Os defensores do princípio filosófico da lex aeterna creem que já existia uma ordem na realidade antes mesmo que existissem sociedades ou organizações estatais que impusessem algum tipo de regra social a algum ordenamento grupal. Essa é uma certeza basilar para o Direito Natural. Por exemplo, era claro para autores como Platão (427 a.C.-347 a.C.), Marco Aurélio (121-180), Santo Agostinho (354.-430), Santo Anselmo (1033-1109), São Tomás de Aquino, Samuel Pufendorf (1632-1694), John Locke (1632-1704), Jean-Jacques Rousseau (1712-1778), G. K. Chesterton (1874-1936), Eric Voegelin (1901-1985), Jacques Maritain (18821973), entre outros, que alguns princípios já existiam antes mesmo de serem colocados nas mais recônditas tábuas de leis. Antes de existirem os dez mandamentos judaicos, a própria natureza da realidade já mostrava que matar e roubar eram coisas más em si mesmas. Caim, ao matar Abel - considerando-se hipoteticamente suas reais existências - tinha cometido um crime contra a ordem da natureza, e isso já era sabido e assimilado naquela comunidade antes mesmo de leis formais existirem.

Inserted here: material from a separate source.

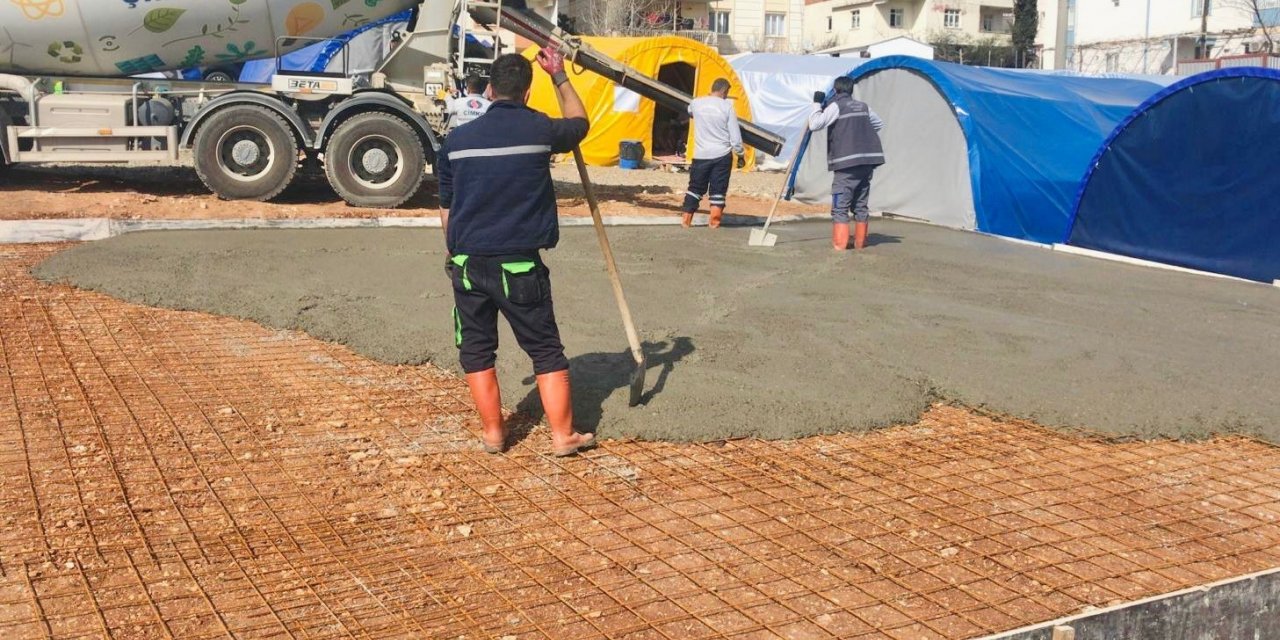 Körfez’den Kahramanmaraş’a Kardeşlik Parkı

Antes de existir uma definição categórica do direito formal sobre o que seria uma “família", por exemplo, a família já era uma realidade existencial no ordenamento natural humano. Em suma: há sociedade organizada porque antes houve famílias, e não o contrário: há famílias porque anteriormente havia sociedade organizada. A lógica de que o Estado é anterior à família é social, biológica e antropologicamente impossível. A família é anterior ao Estado e, como tal, o Estado não pode definir ou positivar algo que é anterior a ele mesmo, sem que seus atos se tornem despóticos. Tal lógica mentirosa foi defendida por Karl Marx (1818-1883) e Friedrich Engels (1820-1895) na obra A Origem da Família, da Propriedade Privada e do Estado.5
Em suma: o princípio arrogado pelo Direito Natural clássico, de que existem instituições e leis anteriores às normatizações jurídicas de um Estado, não é um absurdo, mas sim uma conclusão lógica e científica dos fatos.

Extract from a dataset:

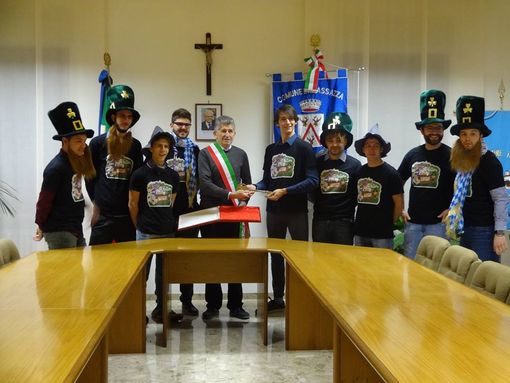 Massazza: Al via il Carnevale tra Irlanda e Germania Massazza: Al via il Carnevale tra Irlanda e Germania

Tais leis naturais foram consagradas como princípios universais da realidade humana. Elas passam, assim, a ser princípios cotidianos de uma reta vida, e depois o fundamento principal da organização jurisprudencial do direito que norteará o mundo ocidental. O Direito Positivo, aquele que é criado por um conjunto de legisladores, deveria possuir bases bem-postas no Direito Natural, que, por sua vez, deve estar de acordo com a lex aeterna, transmissora da ratio divina.
O ordenamento orgânico dos conjuntos jurídicos seria assim:
Razão Divina > Leis Eternas > Direito Natural> Direito Positivo
Tal ordenamento jurídico garante ao Direito Positivo uma retidão de conduta que não se desviaria ou falsearia os princípios universais. Sem tais princípios o direito se veria entregue à retórica e aos princípios que podem se tornar - e constantemente se tornam - danosos aos próprios seres humanos.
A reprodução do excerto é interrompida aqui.